• _WHAT NEEDS TO BE DONE_
Retype the entries in full.

• _SUPPLIED MATERIAL_
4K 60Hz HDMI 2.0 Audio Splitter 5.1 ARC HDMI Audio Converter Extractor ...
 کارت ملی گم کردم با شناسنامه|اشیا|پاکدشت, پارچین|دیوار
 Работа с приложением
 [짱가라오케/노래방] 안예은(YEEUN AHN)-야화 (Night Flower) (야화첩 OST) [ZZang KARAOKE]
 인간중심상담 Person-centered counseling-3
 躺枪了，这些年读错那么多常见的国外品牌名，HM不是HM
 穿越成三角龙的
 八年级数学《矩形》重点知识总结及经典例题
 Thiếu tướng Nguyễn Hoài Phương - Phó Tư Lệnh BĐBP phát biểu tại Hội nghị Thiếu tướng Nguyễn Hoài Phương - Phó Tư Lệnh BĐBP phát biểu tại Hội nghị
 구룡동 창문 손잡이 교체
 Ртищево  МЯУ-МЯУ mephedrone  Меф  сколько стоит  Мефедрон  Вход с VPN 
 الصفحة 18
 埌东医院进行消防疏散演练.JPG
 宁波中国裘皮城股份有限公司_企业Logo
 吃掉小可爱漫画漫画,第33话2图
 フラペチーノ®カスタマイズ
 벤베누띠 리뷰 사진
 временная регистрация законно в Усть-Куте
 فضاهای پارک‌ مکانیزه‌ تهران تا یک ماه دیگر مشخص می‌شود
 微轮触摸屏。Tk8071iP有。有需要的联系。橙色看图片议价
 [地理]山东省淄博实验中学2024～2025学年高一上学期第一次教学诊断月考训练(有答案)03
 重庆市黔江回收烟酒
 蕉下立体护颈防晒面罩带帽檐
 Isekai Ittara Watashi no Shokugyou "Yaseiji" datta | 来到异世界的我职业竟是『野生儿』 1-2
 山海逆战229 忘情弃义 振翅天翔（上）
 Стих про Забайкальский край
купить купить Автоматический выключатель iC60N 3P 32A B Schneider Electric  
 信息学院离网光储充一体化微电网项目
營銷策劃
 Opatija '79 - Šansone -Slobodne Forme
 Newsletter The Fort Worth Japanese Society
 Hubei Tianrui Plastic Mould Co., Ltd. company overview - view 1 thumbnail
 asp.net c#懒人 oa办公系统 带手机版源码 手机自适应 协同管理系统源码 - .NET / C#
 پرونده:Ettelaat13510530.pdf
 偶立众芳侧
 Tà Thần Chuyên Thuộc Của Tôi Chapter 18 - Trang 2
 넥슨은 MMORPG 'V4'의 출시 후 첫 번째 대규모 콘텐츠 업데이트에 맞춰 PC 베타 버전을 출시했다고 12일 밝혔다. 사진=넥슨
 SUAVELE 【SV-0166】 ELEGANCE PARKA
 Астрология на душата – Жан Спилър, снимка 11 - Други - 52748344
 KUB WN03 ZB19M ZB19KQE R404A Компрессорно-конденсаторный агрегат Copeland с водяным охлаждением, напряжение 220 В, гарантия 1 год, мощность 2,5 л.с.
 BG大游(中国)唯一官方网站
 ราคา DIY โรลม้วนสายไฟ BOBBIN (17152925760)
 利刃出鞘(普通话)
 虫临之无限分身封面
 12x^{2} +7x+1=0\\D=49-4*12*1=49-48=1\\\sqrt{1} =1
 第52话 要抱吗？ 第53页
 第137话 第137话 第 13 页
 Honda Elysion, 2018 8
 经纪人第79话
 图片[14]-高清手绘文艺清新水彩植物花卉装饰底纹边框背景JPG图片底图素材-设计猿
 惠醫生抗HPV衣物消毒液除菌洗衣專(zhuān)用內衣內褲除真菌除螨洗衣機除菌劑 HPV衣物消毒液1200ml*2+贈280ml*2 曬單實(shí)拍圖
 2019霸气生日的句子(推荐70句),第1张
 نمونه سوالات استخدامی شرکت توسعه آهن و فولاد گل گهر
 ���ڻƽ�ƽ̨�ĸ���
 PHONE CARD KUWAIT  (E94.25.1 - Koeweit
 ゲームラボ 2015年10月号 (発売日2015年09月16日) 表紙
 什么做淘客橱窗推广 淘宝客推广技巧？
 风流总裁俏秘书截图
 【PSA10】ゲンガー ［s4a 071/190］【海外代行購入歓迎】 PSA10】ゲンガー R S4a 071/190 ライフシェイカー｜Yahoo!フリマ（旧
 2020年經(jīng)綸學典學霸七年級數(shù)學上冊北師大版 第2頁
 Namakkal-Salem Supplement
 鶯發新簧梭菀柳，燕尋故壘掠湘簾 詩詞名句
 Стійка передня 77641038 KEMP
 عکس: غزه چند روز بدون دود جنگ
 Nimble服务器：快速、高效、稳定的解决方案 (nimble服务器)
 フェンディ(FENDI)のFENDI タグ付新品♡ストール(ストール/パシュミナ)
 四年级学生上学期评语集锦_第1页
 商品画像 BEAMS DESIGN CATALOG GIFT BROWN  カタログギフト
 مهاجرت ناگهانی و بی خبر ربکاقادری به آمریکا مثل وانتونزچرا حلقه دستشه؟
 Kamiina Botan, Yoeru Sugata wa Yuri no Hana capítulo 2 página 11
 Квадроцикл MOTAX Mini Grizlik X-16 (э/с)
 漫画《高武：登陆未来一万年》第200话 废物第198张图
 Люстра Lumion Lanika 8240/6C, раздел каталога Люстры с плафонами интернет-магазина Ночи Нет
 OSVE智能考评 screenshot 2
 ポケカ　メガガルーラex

• _OUTPUT FOR THIS TASK_
4K 60Hz HDMI 2.0 Audio Splitter 5.1 ARC HDMI Audio Converter Extractor ...
 کارت ملی گم کردم با شناسنامه|اشیا|پاکدشت, پارچین|دیوار
 Работа с приложением
 [짱가라오케/노래방] 안예은(YEEUN AHN)-야화 (Night Flower) (야화첩 OST) [ZZang KARAOKE]
 인간중심상담 Person-centered counseling-3
 躺枪了，这些年读错那么多常见的国外品牌名，HM不是HM
 穿越成三角龙的
 八年级数学《矩形》重点知识总结及经典例题
 Thiếu tướng Nguyễn Hoài Phương - Phó Tư Lệnh BĐBP phát biểu tại Hội nghị Thiếu tướng Nguyễn Hoài Phương - Phó Tư Lệnh BĐBP phát biểu tại Hội nghị
 구룡동 창문 손잡이 교체
 Ртищево  МЯУ-МЯУ mephedrone  Меф  сколько стоит  Мефедрон  Вход с VPN 
 الصفحة 18
 埌东医院进行消防疏散演练.JPG
 宁波中国裘皮城股份有限公司_企业Logo
 吃掉小可爱漫画漫画,第33话2图
 フラペチーノ®カスタマイズ
 벤베누띠 리뷰 사진
 временная регистрация законно в Усть-Куте
 فضاهای پارک‌ مکانیزه‌ تهران تا یک ماه دیگر مشخص می‌شود
 微轮触摸屏。Tk8071iP有。有需要的联系。橙色看图片议价
 [地理]山东省淄博实验中学2024～2025学年高一上学期第一次教学诊断月考训练(有答案)03
 重庆市黔江回收烟酒
 蕉下立体护颈防晒面罩带帽檐
 Isekai Ittara Watashi no Shokugyou "Yaseiji" datta | 来到异世界的我职业竟是『野生儿』 1-2
 山海逆战229 忘情弃义 振翅天翔（上）
 Стих про Забайкальский край
купить купить Автоматический выключатель iC60N 3P 32A B Schneider Electric  
 信息学院离网光储充一体化微电网项目
營銷策劃
 Opatija '79 - Šansone -Slobodne Forme
 Newsletter The Fort Worth Japanese Society
 Hubei Tianrui Plastic Mould Co., Ltd. company overview - view 1 thumbnail
 asp.net c#懒人 oa办公系统 带手机版源码 手机自适应 协同管理系统源码 - .NET / C#
 پرونده:Ettelaat13510530.pdf
 偶立众芳侧
 Tà Thần Chuyên Thuộc Của Tôi Chapter 18 - Trang 2
 넥슨은 MMORPG 'V4'의 출시 후 첫 번째 대규모 콘텐츠 업데이트에 맞춰 PC 베타 버전을 출시했다고 12일 밝혔다. 사진=넥슨
 SUAVELE 【SV-0166】 ELEGANCE PARKA
 Астрология на душата – Жан Спилър, снимка 11 - Други - 52748344
 KUB WN03 ZB19M ZB19KQE R404A Компрессорно-конденсаторный агрегат Copeland с водяным охлаждением, напряжение 220 В, гарантия 1 год, мощность 2,5 л.с.
 BG大游(中国)唯一官方网站
 ราคา DIY โรลม้วนสายไฟ BOBBIN (17152925760)
 利刃出鞘(普通话)
 虫临之无限分身封面
 12x^{2} +7x+1=0\\D=49-4*12*1=49-48=1\\\sqrt{1} =1
 第52话 要抱吗？ 第53页
 第137话 第137话 第 13 页
 Honda Elysion, 2018 8
 经纪人第79话
 图片[14]-高清手绘文艺清新水彩植物花卉装饰底纹边框背景JPG图片底图素材-设计猿
 惠醫生抗HPV衣物消毒液除菌洗衣專(zhuān)用內衣內褲除真菌除螨洗衣機除菌劑 HPV衣物消毒液1200ml*2+贈280ml*2 曬單實(shí)拍圖
 2019霸气生日的句子(推荐70句),第1张
 نمونه سوالات استخدامی شرکت توسعه آهن و فولاد گل گهر
 ���ڻƽ�ƽ̨�ĸ���
 PHONE CARD KUWAIT  (E94.25.1 - Koeweit
 ゲームラボ 2015年10月号 (発売日2015年09月16日) 表紙
 什么做淘客橱窗推广 淘宝客推广技巧？
 风流总裁俏秘书截图
 【PSA10】ゲンガー ［s4a 071/190］【海外代行購入歓迎】 PSA10】ゲンガー R S4a 071/190 ライフシェイカー｜Yahoo!フリマ（旧
 2020年經(jīng)綸學典學霸七年級數(shù)學上冊北師大版 第2頁
 Namakkal-Salem Supplement
 鶯發新簧梭菀柳，燕尋故壘掠湘簾 詩詞名句
 Стійка передня 77641038 KEMP
 عکس: غزه چند روز بدون دود جنگ
 Nimble服务器：快速、高效、稳定的解决方案 (nimble服务器)
 フェンディ(FENDI)のFENDI タグ付新品♡ストール(ストール/パシュミナ)
 四年级学生上学期评语集锦_第1页
 商品画像 BEAMS DESIGN CATALOG GIFT BROWN  カタログギフト
 مهاجرت ناگهانی و بی خبر ربکاقادری به آمریکا مثل وانتونزچرا حلقه دستشه؟
 Kamiina Botan, Yoeru Sugata wa Yuri no Hana capítulo 2 página 11
 Квадроцикл MOTAX Mini Grizlik X-16 (э/с)
 漫画《高武：登陆未来一万年》第200话 废物第198张图
 Люстра Lumion Lanika 8240/6C, раздел каталога Люстры с плафонами интернет-магазина Ночи Нет
 OSVE智能考评 screenshot 2
 ポケカ　メガガルーラex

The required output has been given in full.